Pues bien, tras el decisivo Concilio III de Toledo este proceso culminará en el IV, convocado en 633 para solucionar una de las frecuentes crisis políticas. Suintila había sido depuesto por Sisenando, con ayuda militar de los francos, y el nuevo rey de los godos ―nos cuenta Juan de Mariana en su Historia general de España― «como persona discreta advirtió que, por estar los naturales divididos en parcialidades y quedar todavía muchos aficionados al partido contrario, corría peligro de perder en breve lo ganado si no buscaba alguna traza para acudir a este peligro. Parecióle que el mejor camino sería ayudarse de la religión y del brazo eclesiástico, capa con que muchas veces se suelen cubrir los príncipes y aún solaparse grandes engaños. Juntó de todo su señorío como setenta obispos en Toledo con voz de reformar las costumbres de los eclesiásticos, por las revueltas de los tiempos muy estragadas; mas su principal intento era procurar que el rey Suintila fuese condenado por los padres como indigno de la corona, para que los que le seguían y de secreto le eran aficionados, mudado parecer, sosegasen (…) Lo que se pretendía con este decreto, y a que todo lo demás se enderezaba, era asegurar en el reino a Sisenando, y junto con esto para lo de adelante dar aviso que ninguno imitase ni se atreviese a hacer locuras semejantes.»

Lo que respondió inicialmente a un intento de remediar un conflicto determinado, acabará por tomar una importancia decisiva.
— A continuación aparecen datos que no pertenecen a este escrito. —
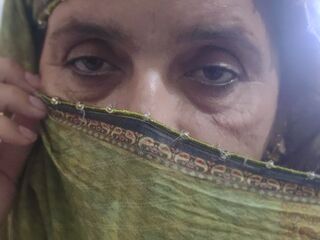 fingering camslut MahiKimi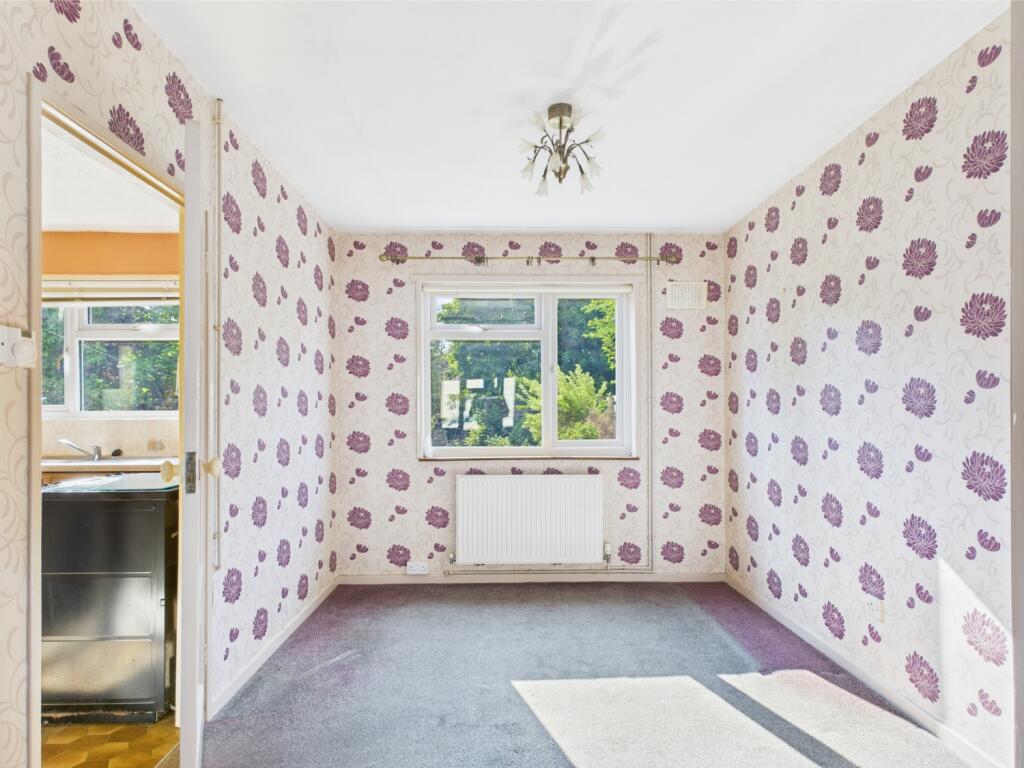 CAM01338G0-PR0104-STILL009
Así lo explica José Orlandis, en su Época visigoda (409-711): «El canon 75, último de los promulgados por el concilio, tuvo extraordinaria importancia y puede considerarse como el fundamento de la constitución política del reino. El carácter notoriamente excepcional que en la España del siglo VII se atribuía a este decreto lo resalta el hecho de que el quinto concilio toledano ordenase que en todos los concilios que se celebrasen en lo sucesivo fuera preceptiva la lectura de aquel texto, para que su memoria no se perdiera con el paso del tiempo. El canon del cuarto concilio toledano debía ser ―así se pretendió― la ley fundamental de la Monarquía católica y el texto constitucional por el que los principios doctrinales isidorianos se plasmaban en la realidad política. La finalidad perseguida por el decreto conciliar era, según sus propias palabras, fortalecer el poder de los monarcas y garantizar la estabilidad de la gens gothorum ―el pueblo de los godos― frente a las infidelidades y traiciones, tantas veces reiteradas en tiempos pasados. Como fundamento del deber moral de respeto y obediencia a los reyes, se aducen aquí unas razones de índole religiosa, que eran las apropiadas para la monarquía electiva y sacral que se trataba definitivamente de instituir.»

Sin embargo Chris Wickham, en su El legado de Roma, señala que «las leyes sobre la sucesión legítima dictadas por el cuarto concilio de Toledo en 633, por ejemplo, casi nunca se cumplieron. Pero los textos legales, tanto seculares como canónicos, eran moneda corriente en la práctica política hispánica. La gente (al menos cuando se trataba de obispos o aristócratas) sabía de su existencia; e incluso los reyes, si no disponían de apoyos lo bastante fuertes… podían verse atrapados por ellas. Esto indica una diferencia con respecto al estilo de la política franca [y de los otros reinos germánicos, añadimos]: en la Hispania visigoda, como también en menor medida en la Italia lombarda, los principios legales representaban importantes puntos de referencia; lo mismo había ocurrido en el imperio tardorromano, un imperio del cual, en ciertos aspectos, visigodos y lombardos distaban menos que de los francos.»